Place Published: London
Publisher: Charles Eyre and Andrew Strahan
Date Published: 1791
Edition: 1st Edition
Binding: No binding
ENGLISH "UPPER CANADA" & FRENCH "LOWER CANADA" CREATED
First edition. 1791. Folio (11-1/2 inches). First edition. General title leaf imprint from series t.p., pages -1296. Woodcut Royal coat of arms, headpiece ornament, and decorative initial. Text in black letter. Neatly extracted from a bound volume and expertly mended. Very good.
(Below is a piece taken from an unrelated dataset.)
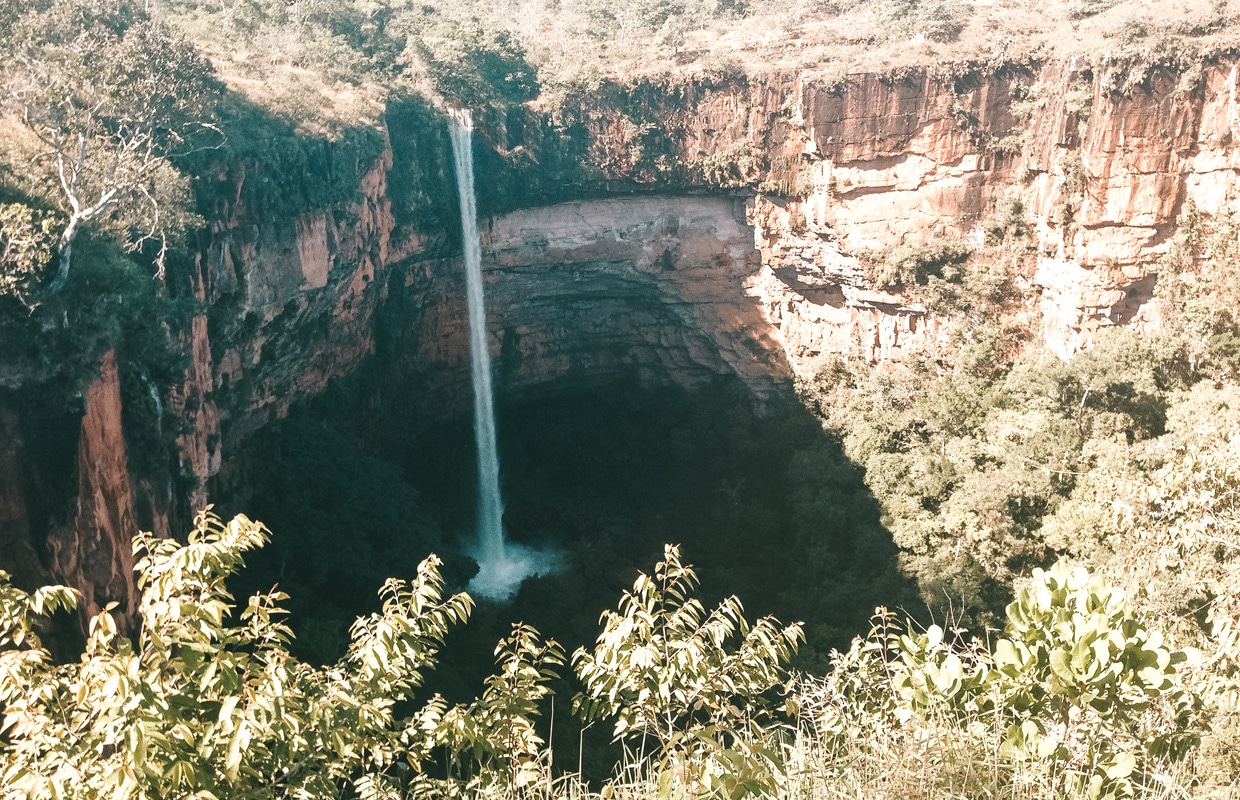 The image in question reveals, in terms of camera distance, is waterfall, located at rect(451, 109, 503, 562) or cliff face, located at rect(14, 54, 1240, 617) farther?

TPL 629
The bill was introduced in the House of Commons by William Pitt in March of 1791. The act was passed by the British Parliament on June 10, 1791, and was to take effect on December 26, 1791. This was a first step towards Canadian Confederation.
The Constitutional Act also called Canada Act, reformed the government of the Province of Quebec from what had been outlined by the Quebec Act in 1774 to accommodate the influx of 10,000+ English-speaking Empire Loyalists that had fled the United States after the American Revolution to settle and develop the country west of the Ottawa River. These new settlers weren't happy living under French law and the Roman Catholic church. They wanted to hold their lands outright, not as part of the seigneurial system and they wanted privileges for their Protestant churches similar to those granted to Roman Catholics. Also they were used to having democratic institutions like an elected Assembly to give them a say in how they were governed. The ACT divided Quebec into two provinces: the predominantly English-speaking western region of Upper Canada and the eastern French-speaking region of Lower Canada. Representative governments were established for each province through the
creation of Legislative Assemblies. Each Assembly consisted of a Legislative Council (equivalent to an Upper House, or Senate, consisting of wealthy landowners, appointed by the King for life) and an elected Assembly (equivalent to a Lower House, or House of Commons). Government was overseen by a Governor General, who acted with the advice and consent of the Executive Council (a subset of the Legislative Council). Upper
Canada also had a Lieutenant Governor and adopted English common law. Lower Canada retained French civil law (including seigneurial land tenure) and the right to practice the Roman Catholic religion. Both provinces were subject to English criminal
The Act was also notable for a voting franchise vastly ahead of its time that included women who were naturalized persons 21 years of age, had not been convicted of a serious criminal offence, and who owned property. The voting privilege was applicable most particularly to Lower Canada, where women were able to own property as a result of the prevailing French civil law system, which permitted the transfer of property from husband to wife.